Quantile-quantile plots

Table 1 Median absolute deviations of empirical quantiles from theoretical quantiles

It is of particular interest that the results do not appear to substantially change when the alternative model has J = 3, which lends support to our conjecture that the \(\chi _{0:1}^2\) result for the asymptotic distribution of the MLRT under the null hypothesis may be applied rather broadly to testing against homogeneity in LCFM SF models including J classes or mixture components, structural parameters, and covariates.

4 Empirical application

In this section, we apply the contaminated normal-half normal SF model outlined in the section “Applications” to the Christensen and Greene (1976) dataset on US electricity generation costs, consisting of cost, output, and input price data for electricity generating firms in 1970. Following the frontier specification in Greene (1990), the model we estimate is

$$\begin{array}{*{20}{c}} \begin{array}{l}\ln \left( {\frac{{c_i}}{{e_i}}} \right) = \beta _0 + \beta _1\ln q_i + \beta _2\ln ^2q_i + \beta _3\ln \left( {\frac{{w_i}}{{e_i}}} \right) + \beta _4\ln \left( {\frac{{r_i}}{{e_i}}} \right) + v_i + u_i,\,\\ v_i = \mathop {\sum }\limits_{j = 1}^J \left[ {z_i = j} \right]v_{ij},\,v_{ij} \sim N\left( {0,\sigma _{vj}^2} \right),\,u_i \sim \left| {N\left( {0,\sigma _u^2} \right)} \right|,\end{array} \end{array}$$
(25)

where c is total cost, q is millions of kilowatt-hours generated (normalised by the sample mean), and w, r, and e are labour, capital, and energy prices, respectively. The subscripts i and j respectively denote the firm number and class or mixture component. We estimate the model for J = 1 and J = 2, respectively. Parameter estimates are shown in Table 2.

Table 2 Model estimates

Estimated frontier parameters are, as expected, similar in the J = 1 and J = 2 cases. Of greater interest here are the estimated scale parameters σv1, σv2, and σu, and the probability or mixing proportion ρ1. The J = 2 model yields distinct estimates of σv1 and σv2, between which the estimate of σv1 from the J = 1 model is intermediate. Under a latent class interpretation, the J = 2 model has a low-noise class and a high-noise class, and the estimated unconditional probability of an observation belonging to the former is estimated to be 0.798. Under a mixture interpretation, the noise term in the J = 2 model is a 0.798:0.202 mixture of N(0,0.0672) and N(0,0.1742) distributions. The estimate of σu from the J = 2 model is slightly lower than the estimate from the J = 1 model.

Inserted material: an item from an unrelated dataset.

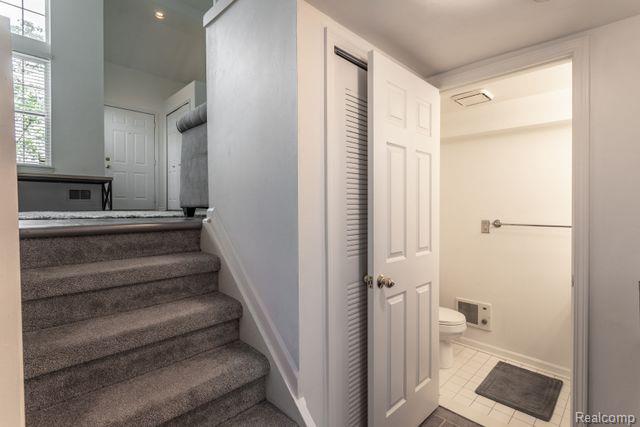 179 W KENILWORTH Avenue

Predicted efficiency scores—following the formula in (11)—differ considerably between the two models. As shown in Fig. 2, the efficiency predictions from the J = 2 model have not only a smaller range than the predictions from the J = 1 model, but also differing behaviour for extreme values of \(\hat \varepsilon _i\); predicted efficiency from the J = 1 model decreases monotonically as \(\hat \varepsilon _i\) increases due to the log-concavity of the normal distribution (Ondrich and Ruggiero, 2001), while the efficiency predictions from the J = 2 model are non-monotonic owing to the log-convex regions of the contaminated noise density—similar behaviour has been noted in the case of SF models with Student’s t noise (Wheat et al., 2019), and models with heavy-tailed noise distributions generally appear to handle outlying observations differentlyFootnote 5, which could have important consequences for regulatory benchmarking in terms of the robustness of efficiency estimates and the incentives firms face with respect to the benchmarking process.

Fig. 2
figure 2

Scatter plot of efficiency predictions vs. estimated residuals

For the purposes of efficiency prediction, the choice between the two models is therefore clearly an important one. The MLR statistic is 7.887 and, given the \(\chi _{0:1}^2\) distribution of the statistic under the null hypothesis, the associated p-value is 0.0025. We therefore strongly reject the null hypothesis of homogeneity, and favour the J = 2 model. This suggests a sub-Gaussian noise distribution, which as discussed has a substantial impact on efficiency predictions—cf. Wheat et al. (2019) who, using a dataset on English local authority road maintenance costs, similarly find that a Student’s t distribution is preferred to a normal distribution for the noise component.

5 Summary and conclusions

In this paper, we have discussed hypothesis testing on class enumeration, and particularly on testing against homogeneity, in the context of latent class and finite mixture stochastic frontier models. Given identification problems and boundary issues under the null hypothesis, the standard Wilks (1938) result that the likelihood ratio statistic follows an asymptotic χ2 distribution under the null hypothesis cannot be applied. However, the literature on testing against homogeneity in non-Gaussian latent class and finite mixture models offers some alternative results and ways of regularising the problem.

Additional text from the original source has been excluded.